Problem description: The records come next. Copy all of them exactly.

Crawled caption data:
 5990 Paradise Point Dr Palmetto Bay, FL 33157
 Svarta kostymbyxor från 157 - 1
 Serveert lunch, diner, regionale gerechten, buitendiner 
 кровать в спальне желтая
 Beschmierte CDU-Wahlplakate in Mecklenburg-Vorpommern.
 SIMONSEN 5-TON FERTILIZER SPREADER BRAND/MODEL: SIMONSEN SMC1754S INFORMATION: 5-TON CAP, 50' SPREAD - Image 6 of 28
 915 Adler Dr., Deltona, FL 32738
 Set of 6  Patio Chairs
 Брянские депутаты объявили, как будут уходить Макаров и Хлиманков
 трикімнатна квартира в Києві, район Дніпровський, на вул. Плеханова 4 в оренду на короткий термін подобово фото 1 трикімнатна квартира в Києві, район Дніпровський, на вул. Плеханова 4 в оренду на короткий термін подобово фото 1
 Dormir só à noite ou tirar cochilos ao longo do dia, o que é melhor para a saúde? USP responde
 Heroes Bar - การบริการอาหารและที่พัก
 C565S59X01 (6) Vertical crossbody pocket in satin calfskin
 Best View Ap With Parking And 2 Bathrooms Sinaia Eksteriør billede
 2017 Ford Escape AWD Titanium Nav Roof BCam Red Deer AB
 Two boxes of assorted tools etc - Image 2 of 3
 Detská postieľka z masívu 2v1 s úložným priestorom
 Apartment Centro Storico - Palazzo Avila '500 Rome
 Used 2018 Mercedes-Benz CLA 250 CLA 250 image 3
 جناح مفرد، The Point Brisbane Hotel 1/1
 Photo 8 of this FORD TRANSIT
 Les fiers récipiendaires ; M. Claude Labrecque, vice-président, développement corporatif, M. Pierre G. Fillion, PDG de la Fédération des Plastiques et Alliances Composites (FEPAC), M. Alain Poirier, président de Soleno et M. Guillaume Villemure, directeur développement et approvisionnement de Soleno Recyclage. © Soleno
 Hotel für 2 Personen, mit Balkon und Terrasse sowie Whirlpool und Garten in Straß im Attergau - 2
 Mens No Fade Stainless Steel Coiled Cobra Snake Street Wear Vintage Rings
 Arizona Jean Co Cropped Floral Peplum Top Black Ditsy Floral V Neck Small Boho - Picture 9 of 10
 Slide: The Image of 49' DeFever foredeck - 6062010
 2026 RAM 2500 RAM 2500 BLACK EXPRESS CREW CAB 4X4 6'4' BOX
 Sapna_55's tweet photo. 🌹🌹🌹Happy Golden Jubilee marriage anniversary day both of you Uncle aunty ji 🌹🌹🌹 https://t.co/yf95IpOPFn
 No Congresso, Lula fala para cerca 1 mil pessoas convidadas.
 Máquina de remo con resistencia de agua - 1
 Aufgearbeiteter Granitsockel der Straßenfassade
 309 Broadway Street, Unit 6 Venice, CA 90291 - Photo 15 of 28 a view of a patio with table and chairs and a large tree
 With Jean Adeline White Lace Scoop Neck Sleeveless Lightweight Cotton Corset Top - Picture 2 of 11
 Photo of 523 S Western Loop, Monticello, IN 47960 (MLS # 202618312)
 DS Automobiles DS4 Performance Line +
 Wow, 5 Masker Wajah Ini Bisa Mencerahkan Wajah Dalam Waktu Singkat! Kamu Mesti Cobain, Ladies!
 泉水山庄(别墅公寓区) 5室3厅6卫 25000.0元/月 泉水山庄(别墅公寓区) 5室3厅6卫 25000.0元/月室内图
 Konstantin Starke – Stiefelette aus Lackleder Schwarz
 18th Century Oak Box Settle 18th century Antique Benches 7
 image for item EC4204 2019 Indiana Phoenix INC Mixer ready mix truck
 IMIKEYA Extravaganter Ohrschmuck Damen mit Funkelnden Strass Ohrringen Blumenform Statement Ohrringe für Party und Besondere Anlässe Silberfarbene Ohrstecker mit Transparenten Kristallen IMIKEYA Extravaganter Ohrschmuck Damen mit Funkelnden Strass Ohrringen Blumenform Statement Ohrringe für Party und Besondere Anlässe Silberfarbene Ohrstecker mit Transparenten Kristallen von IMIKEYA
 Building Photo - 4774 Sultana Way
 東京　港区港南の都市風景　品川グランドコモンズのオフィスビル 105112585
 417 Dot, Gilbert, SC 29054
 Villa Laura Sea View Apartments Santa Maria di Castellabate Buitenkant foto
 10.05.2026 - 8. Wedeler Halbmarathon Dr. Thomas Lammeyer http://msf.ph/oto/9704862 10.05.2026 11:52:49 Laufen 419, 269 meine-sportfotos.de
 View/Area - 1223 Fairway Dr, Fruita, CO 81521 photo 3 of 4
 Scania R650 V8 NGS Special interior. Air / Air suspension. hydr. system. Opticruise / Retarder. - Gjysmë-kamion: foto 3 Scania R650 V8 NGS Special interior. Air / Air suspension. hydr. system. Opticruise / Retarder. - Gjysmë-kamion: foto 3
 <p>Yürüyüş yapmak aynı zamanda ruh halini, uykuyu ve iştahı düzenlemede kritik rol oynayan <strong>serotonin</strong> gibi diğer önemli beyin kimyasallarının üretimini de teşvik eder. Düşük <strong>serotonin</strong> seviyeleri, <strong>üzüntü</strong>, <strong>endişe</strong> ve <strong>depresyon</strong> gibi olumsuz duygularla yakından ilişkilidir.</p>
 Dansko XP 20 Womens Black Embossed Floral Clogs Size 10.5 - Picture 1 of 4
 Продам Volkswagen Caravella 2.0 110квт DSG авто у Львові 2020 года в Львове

Answer box:
 5990 Paradise Point Dr Palmetto Bay, FL 33157
 Svarta kostymbyxor från 157 - 1
 Serveert lunch, diner, regionale gerechten, buitendiner 
 кровать в спальне желтая
 Beschmierte CDU-Wahlplakate in Mecklenburg-Vorpommern.
 SIMONSEN 5-TON FERTILIZER SPREADER BRAND/MODEL: SIMONSEN SMC1754S INFORMATION: 5-TON CAP, 50' SPREAD - Image 6 of 28
 915 Adler Dr., Deltona, FL 32738
 Set of 6  Patio Chairs
 Брянские депутаты объявили, как будут уходить Макаров и Хлиманков
 трикімнатна квартира в Києві, район Дніпровський, на вул. Плеханова 4 в оренду на короткий термін подобово фото 1 трикімнатна квартира в Києві, район Дніпровський, на вул. Плеханова 4 в оренду на короткий термін подобово фото 1
 Dormir só à noite ou tirar cochilos ao longo do dia, o que é melhor para a saúde? USP responde
 Heroes Bar - การบริการอาหารและที่พัก
 C565S59X01 (6) Vertical crossbody pocket in satin calfskin
 Best View Ap With Parking And 2 Bathrooms Sinaia Eksteriør billede
 2017 Ford Escape AWD Titanium Nav Roof BCam Red Deer AB
 Two boxes of assorted tools etc - Image 2 of 3
 Detská postieľka z masívu 2v1 s úložným priestorom
 Apartment Centro Storico - Palazzo Avila '500 Rome
 Used 2018 Mercedes-Benz CLA 250 CLA 250 image 3
 جناح مفرد، The Point Brisbane Hotel 1/1
 Photo 8 of this FORD TRANSIT
 Les fiers récipiendaires ; M. Claude Labrecque, vice-président, développement corporatif, M. Pierre G. Fillion, PDG de la Fédération des Plastiques et Alliances Composites (FEPAC), M. Alain Poirier, président de Soleno et M. Guillaume Villemure, directeur développement et approvisionnement de Soleno Recyclage. © Soleno
 Hotel für 2 Personen, mit Balkon und Terrasse sowie Whirlpool und Garten in Straß im Attergau - 2
 Mens No Fade Stainless Steel Coiled Cobra Snake Street Wear Vintage Rings
 Arizona Jean Co Cropped Floral Peplum Top Black Ditsy Floral V Neck Small Boho - Picture 9 of 10
 Slide: The Image of 49' DeFever foredeck - 6062010
 2026 RAM 2500 RAM 2500 BLACK EXPRESS CREW CAB 4X4 6'4' BOX
 Sapna_55's tweet photo. 🌹🌹🌹Happy Golden Jubilee marriage anniversary day both of you Uncle aunty ji 🌹🌹🌹 https://t.co/yf95IpOPFn
 No Congresso, Lula fala para cerca 1 mil pessoas convidadas.
 Máquina de remo con resistencia de agua - 1
 Aufgearbeiteter Granitsockel der Straßenfassade
 309 Broadway Street, Unit 6 Venice, CA 90291 - Photo 15 of 28 a view of a patio with table and chairs and a large tree
 With Jean Adeline White Lace Scoop Neck Sleeveless Lightweight Cotton Corset Top - Picture 2 of 11
 Photo of 523 S Western Loop, Monticello, IN 47960 (MLS # 202618312)
 DS Automobiles DS4 Performance Line +
 Wow, 5 Masker Wajah Ini Bisa Mencerahkan Wajah Dalam Waktu Singkat! Kamu Mesti Cobain, Ladies!
 泉水山庄(别墅公寓区) 5室3厅6卫 25000.0元/月 泉水山庄(别墅公寓区) 5室3厅6卫 25000.0元/月室内图
 Konstantin Starke – Stiefelette aus Lackleder Schwarz
 18th Century Oak Box Settle 18th century Antique Benches 7
 image for item EC4204 2019 Indiana Phoenix INC Mixer ready mix truck
 IMIKEYA Extravaganter Ohrschmuck Damen mit Funkelnden Strass Ohrringen Blumenform Statement Ohrringe für Party und Besondere Anlässe Silberfarbene Ohrstecker mit Transparenten Kristallen IMIKEYA Extravaganter Ohrschmuck Damen mit Funkelnden Strass Ohrringen Blumenform Statement Ohrringe für Party und Besondere Anlässe Silberfarbene Ohrstecker mit Transparenten Kristallen von IMIKEYA
 Building Photo - 4774 Sultana Way
 東京　港区港南の都市風景　品川グランドコモンズのオフィスビル 105112585
 417 Dot, Gilbert, SC 29054
 Villa Laura Sea View Apartments Santa Maria di Castellabate Buitenkant foto
 10.05.2026 - 8. Wedeler Halbmarathon Dr. Thomas Lammeyer http://msf.ph/oto/9704862 10.05.2026 11:52:49 Laufen 419, 269 meine-sportfotos.de
 View/Area - 1223 Fairway Dr, Fruita, CO 81521 photo 3 of 4
 Scania R650 V8 NGS Special interior. Air / Air suspension. hydr. system. Opticruise / Retarder. - Gjysmë-kamion: foto 3 Scania R650 V8 NGS Special interior. Air / Air suspension. hydr. system. Opticruise / Retarder. - Gjysmë-kamion: foto 3
 <p>Yürüyüş yapmak aynı zamanda ruh halini, uykuyu ve iştahı düzenlemede kritik rol oynayan <strong>serotonin</strong> gibi diğer önemli beyin kimyasallarının üretimini de teşvik eder. Düşük <strong>serotonin</strong> seviyeleri, <strong>üzüntü</strong>, <strong>endişe</strong> ve <strong>depresyon</strong> gibi olumsuz duygularla yakından ilişkilidir.</p>
 Dansko XP 20 Womens Black Embossed Floral Clogs Size 10.5 - Picture 1 of 4
 Продам Volkswagen Caravella 2.0 110квт DSG авто у Львові 2020 года в Львове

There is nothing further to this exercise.